Finance

Trump’s Return: A Potential Storm for Canada’s $50 Billion Electric Vehicle Sector?

2024-11-08

Author: Sophie

Trump’s Return: A Potential Storm for Canada’s $50 Billion Electric Vehicle Sector?

Canada has successfully attracted over $50 billion in investments related to electric vehicles (EVs) over the past three years, primarily fueled by growing demand from the United States. The economic relationship between the two countries is described as "deeply intertwined," but the incoming presidency of Donald Trump may pose significant challenges to this burgeoning sector.

As Trump returns to the White House, Canadian stakeholders are bracing themselves for a series of uncertainties, particularly within the auto industry. Questions loom over potential tariffs on Canadian-made vehicles, and the possibility of a halt in the progress of electrification policies could reshape the market landscape entirely. Reports from Automotive News warn that decades of cooperative automotive trade between Canada and the U.S. could be jeopardized.
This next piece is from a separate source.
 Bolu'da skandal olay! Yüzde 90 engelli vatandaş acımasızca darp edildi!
Flavio Volpe, president of the Automotive Parts Manufacturers’ Association, articulates the gravity of the situation, stating, "We’re so intertwined. Half of the vehicles made in Canada are produced by American companies." He warns that if Trump were to exclude Canada from agreements like the United States-Mexico-Canada Agreement (USMCA) and impose a tariff wall, it could negatively affect major American automakers such as General Motors and Ford, as well as American suppliers of parts and materials.
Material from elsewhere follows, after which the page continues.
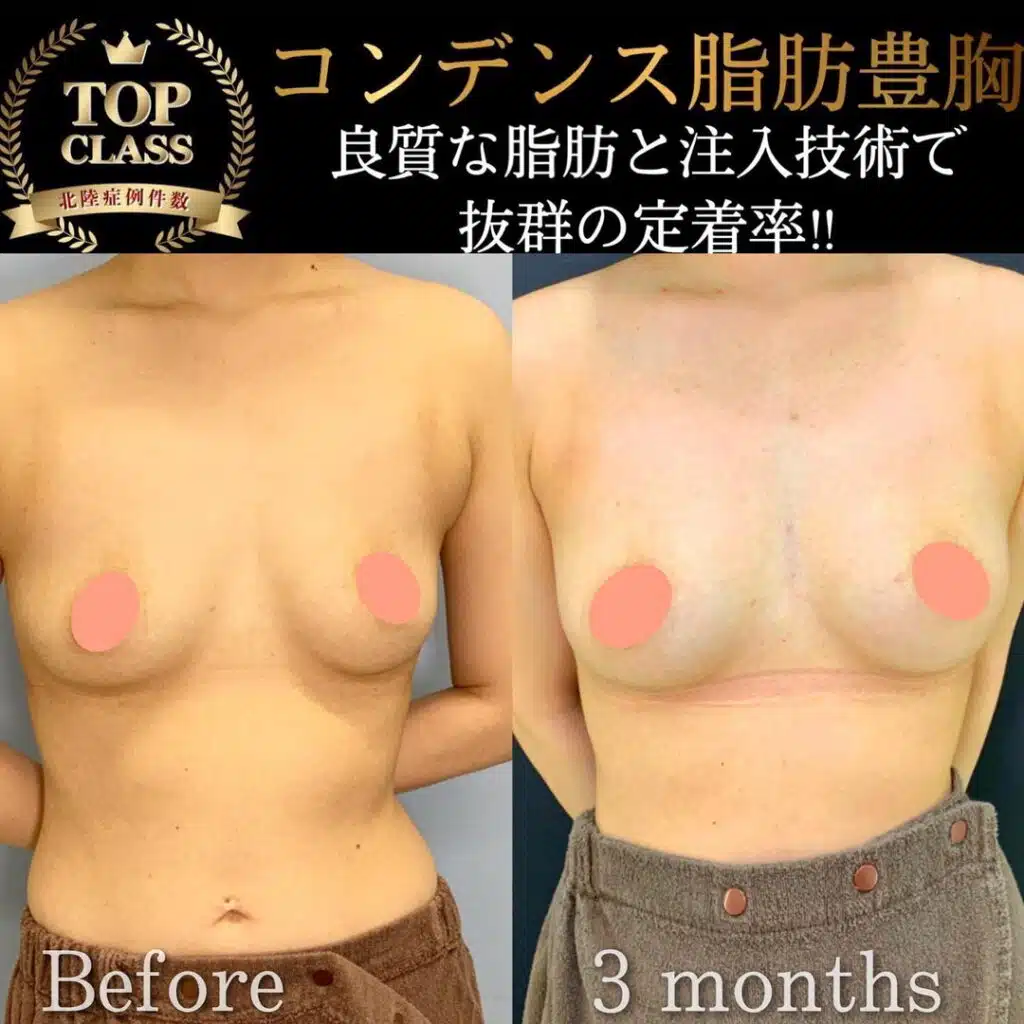 コンデンス豊胸　横浜みなとみらい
One of the critical scenarios includes a proposed 10% tariff on global imports into the U.S., potentially stifling Canada’s GDP by billions. This erosion will especially hit the auto sector the hardest, according to industry analysts.

In response to Trump’s election victory, Canadian Prime Minister Justin Trudeau quickly extended congratulations and emphasized the importance of the two countries’ economic ties, promising to address pressing cross-border issues.

Trump has openly criticized the current administration's policies that favor electric vehicles, claiming intentions to repeal Biden’s Inflation Reduction Act, which allocated billions toward battery supply chains. Additionally, he hinted at imposing tariffs as high as 200% on vehicles manufactured in Mexico and imposing elevated tariffs on imports from China and Europe.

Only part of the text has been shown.